Aegina’s long summers, mild winters and proximity to Athens make it a year-long holiday destination. You’ll find antiquities and traditional tavernas, a port town with a 19th-century atmosphere, beaches, deserted Byzantine chapels, as well as pine-clad hills and mounds of freshly roasted pistachios.
Meanwhile, if you visit Perdika in the south, you’ll feel like you’re in a Cycladic village and at the Temple of Aphaia you’ll discover one of Greece’s most memorable ancient sanctuaries. So if you’re looking for an easy-to-get-to island close to Athens or an island escape during your city break to Athens, Aegina is for you.
First up, you should explore the old town. But before you set off, don’t forget to buy a bag of those pistachios Aegina is famous for. If you’re feeling romantic or just a little laid-back, you can take a tour in a horse-drawn carriage and be transported instantly back to the 19th century. You’ll pass the dazzling white chapel of Agios Nikolaos and brightly painted fishing caiques, some of which double as floating greengrocers, and the fish market with almost as many tavernas as stalls. Make sure you come back here to sample the seafood with a glass of ouzo.
Throughout Aegina’s old town stand imposing neoclassical buildings and monuments, vestiges from the early post-independence days when Ioannis Kapodistrias, Greece’s first governor, made Aegina its first capital (for a year before Nafplio took over). Venturing into the sidestreets, you’ll find cafes in shaded courtyards, galleries and shops selling hand-painted ceramics, clothes and various knick-knacks.
On your trip to Aegina island, you’ll come across the well-preserved columns of the Temple of Aphaia, predating the Parthenon. Rising out of a pine forest above the bay of Agia Marina, the peaceful setting invites you to sit and ponder the ancient triangle connecting this temple with the Temple of Poseidon at Sounio and the Parthenon at the Acropolis – a symbol of the mighty embrace of Athens perhaps?
For a glimpse of a more recent era, a stroll along the steep hillside of Paleohora will take you back to Byzantine Aegina. This was once Aegina’s capital, where the islanders moved to be out of sight of pirates. All that's left are the remnants of many of its 38 stone chapels. As you explore them, you’ll find yourself scrambling to the top of the hill to see the twin chapel of Saints George and Demetrius where the medieval fortress once stood. The hike is especially delightful in spring when wildflowers carpet the slope.
Orthodox Christians come from all over to visit the church of Agios Nektarios to honour Greece’s first modern saint. His body, which is considered to have miraculous powers, is interred in the monastery (also called Agios Nektarios), which you can also visit, just next door.

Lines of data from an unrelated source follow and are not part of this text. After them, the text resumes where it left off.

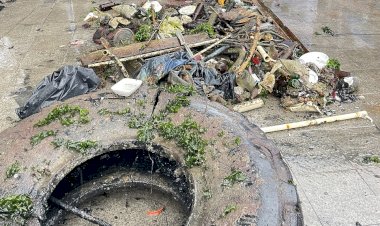 ÜSKÜDAR'DA DALGIÇLAR TARAFINDAN SU ALTI TEMİZLİĞİ YAPILDI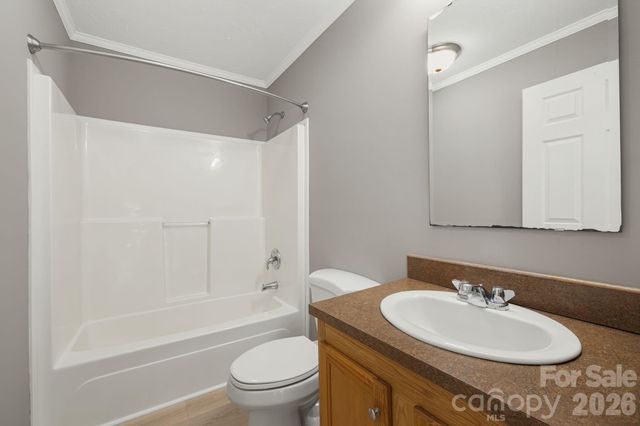 44 morning Lane, Hendersonville, NC 28792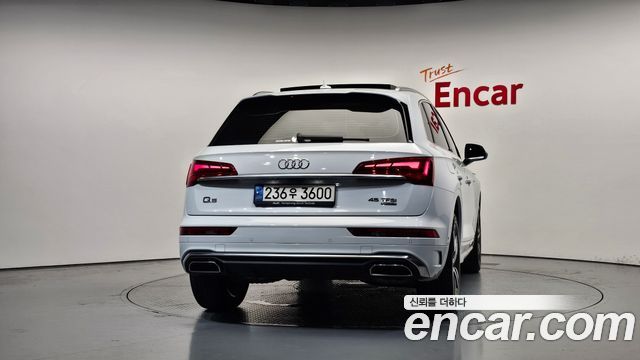 Audi Q5 45 TFSI Quattro Premium — пробег 68 056 км — фото 4 из 5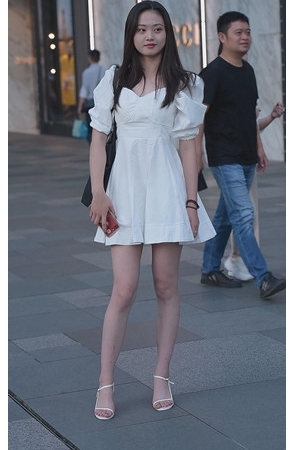 白色连衣裙小姐姐[883M/MP4]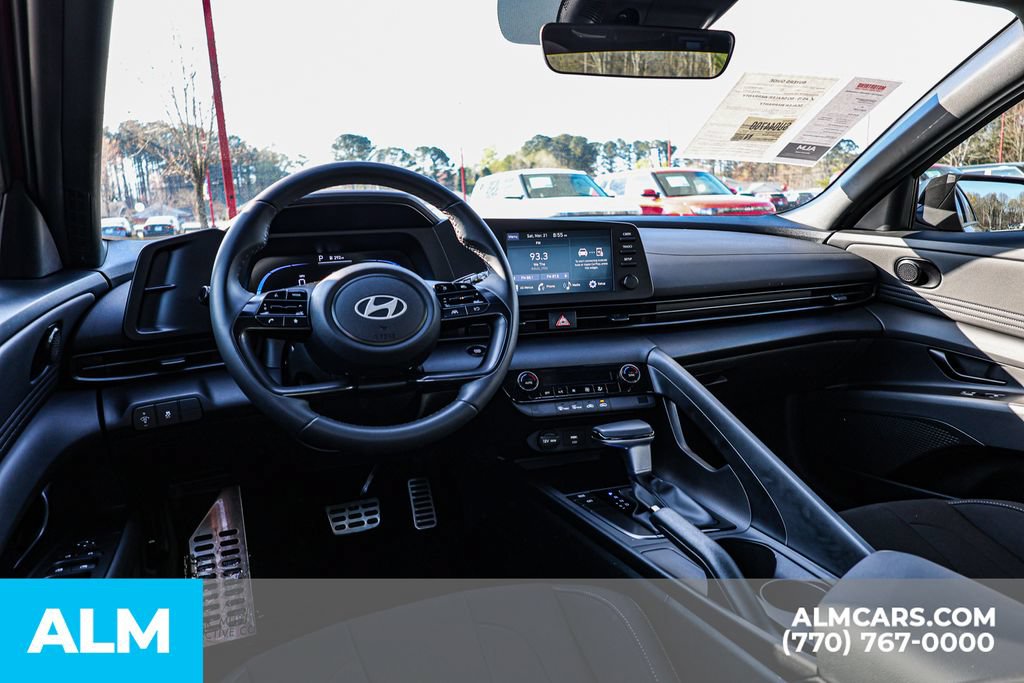 Used 2025 Hyundai Elantra Sport FWD image 27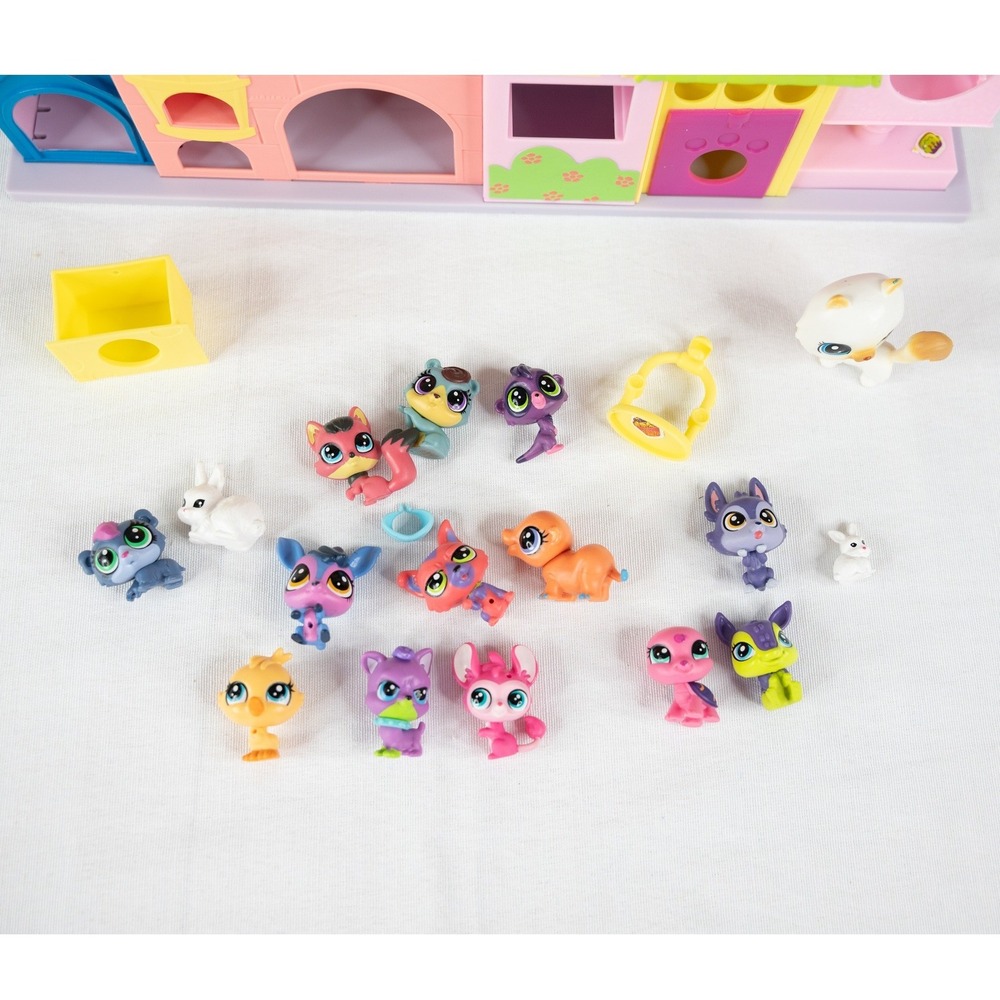 Littlest Pet Shop Ultimate Apartment Playset Good & 15 mini Figures Accessories - Picture 2 of 9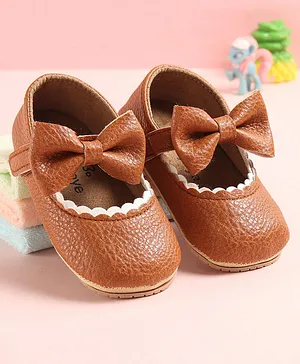 Babyoye Velcro Closure Booties with Bow Applique - Brown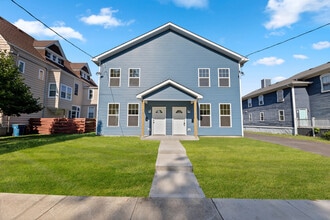 Building Photo - 76 N 4th St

You should definitely make time to visit the little fishing port of Perdika, which is on the southwest coast of Aegina but you’ll think you’ve reached the Cyclades: whitewashed houses, flower-lined steps, fish tavernas just like in the postcards. The best way to get there is by hiring a bike and cycling down the coast. And just opposite Perdika is the little island of Moni (famous for its emerald waters and collection of protected animals, such as peacocks and deer). There are boats that do the 10min crossing to Perdika throughout the day. (Alternatively, you can catch a boat to Moni from Aegina’s main port.)
Even if you don’t want to buy anything, Aegina’s floating greengrocers will be a feast for your eyes. You won’t find fruit and vegetable sellers like these anywhere else in Greece, let alone on any of the other islands close to Athens.

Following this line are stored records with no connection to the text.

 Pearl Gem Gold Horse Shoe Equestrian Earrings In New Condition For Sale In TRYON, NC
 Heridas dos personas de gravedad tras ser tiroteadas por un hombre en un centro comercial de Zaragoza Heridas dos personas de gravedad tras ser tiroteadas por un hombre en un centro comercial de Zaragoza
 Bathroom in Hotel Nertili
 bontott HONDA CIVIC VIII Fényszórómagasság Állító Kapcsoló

Just outside the main town of Aegina, this old studio of one of Greece’s most famous sculptors, houses some of his best-known works and drawings. The bronze portrait of his mother looks out to sea opposite the house, where he summered from 1963 to 1991. And very close by is the one-time home of renowned author Nikos Kazantzakis (of Zorba the Greek fame).
The sounds and aromas of the Saronic Gulf wafted over one of the most important prehistoric settlements in Greece for thousands of years. Today, only the remains exist as at the end of the 6th century BC, the hill was transformed into a sanctuary and a Doric temple dedicated to Apollo came to dominate the site. The monolithic column that formed part of the temple was a familiar landmark for Venetian sailors, who named the area Colonna.